If i studied more for that subject i could have helped you haha.

All i can tell you is;

Oxygen Standard atomic weight: 15.9994(3) g·mol−1 (grams/mol)

I think you have all the values now, just use teh formula?

Hey, to use that formula, you need your pressure to be in kPa. Not just Pa. And V needs to be in litres.

Cheers,

Adam

Year 12 Chemistry exam in two weeks time :thumbsup:

Edited by adam-__-

I reckon you could be on the mark, I still haven't got around to working it out properly, but I'm figuring it's not too much..

as air in atmosphere = 14.5psi.. .air in tyre = 28psi = 1.93 ratio x some volume equations of air in a tyre and there you go.

Just curious as to what a rim with a tyre and air weighs, compared to a bare rim weight. Silly I know.

OK yeah, it's PV = nRT.

If you use:

P = Kpa

then V = L

if you use:

P = pa

then V = cubic metres (1000L)

anyway....now that we can all sleep.......

I got 164 grams for a 235/45/17.

Assuming that "air" is 70% nitrogen and 30% oxygen.

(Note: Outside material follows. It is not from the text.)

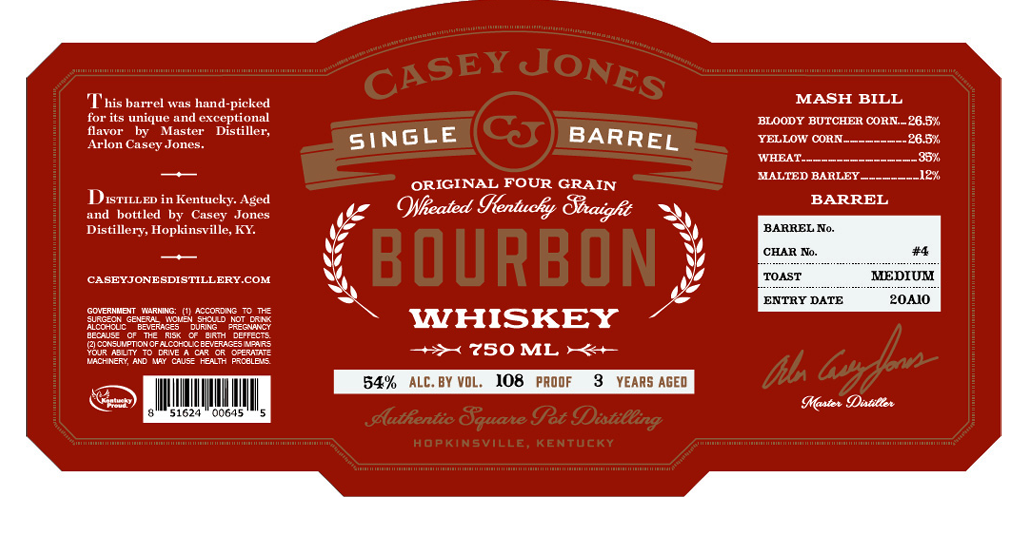 TABC label artwork for CASEY JONES SINGLE BARREL BOURBON WHISKEY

So 1 mole of air = 28 x 0.7 + 32 x 0.3 = 29.2 g/mol

And I got the volume as 46L, at 300 kelvin and 3 atmospheres. Or ~30psi (relative)

So that gave me number of moles, n = (304 Kpa x 46L)/(8.314 x 300) = 5.6 moles.

then 5.6 moles x 29.2 g/mole = 163.5 grams

I was going to have a go at you about 30 psi being closer to 2 atmospheres, but then i remembered that 30psi tyre pressure is compared to atmospheric pressure (already 14.7psi), so yeah approx 30psi(gauge) would be about 3 atmosphere.

What I'm curious about though, is how did you calculate the volume of air?

I was going to have a go at you about 30 psi being closer to 2 atmospheres, but then i remembered that 30psi tyre pressure is compared to atmospheric pressure (already 14.7psi), so yeah approx 30psi(gauge) would be about 3 atmosphere.

What I'm curious about though, is how did you calculate the volume of air?

The way I did it was, I got the area of the entire front of tyre and wheel (side facing the road), subtracted area of rims, multiplied the area calculated by width of tyre and then convert cm^3 into litres.

Hope that made sense. :)

Cheers,

Adam

The way I did it was, I got the area of the entire front of tyre and wheel (side facing the road), subtracted area of rims, multiplied the area calculated by width of tyre and then convert cm^3 into litres.

Hope that made sense. :thumbsup:

Cheers,

Adam

Easy way...... pop wheel with deflated tyre on bathroom scales, note reading

inflate tyre to desired pressure, place on scales, note reading

Subtract ist reading from 2nd

I didn't do chemistry :rolleyes:

God I hate chemistry.

Anyway, density of air at, say atmospheric pressure & 50 degrees C is 1.09kg/m3.

So three bar will obvisouly be three times this.

Work out your tyre volume & you have an answer.

By the way the wheel and tyre will be on the heavier side of 20kg....

Easy way...... pop wheel with deflated tyre on bathroom scales, note reading

inflate tyre to desired pressure, place on scales, note reading

Subtract ist reading from 2nd

I didn't do chemistry :)

Close, but no cigar. The "deflated" tyre will still contain air at atmospheric pressure. The correct way of doing it is:

1/ Weigh tyre.

2/ Weigh wheel.

3/ Add 1 and 2 to get weight of tyre and wheel combo.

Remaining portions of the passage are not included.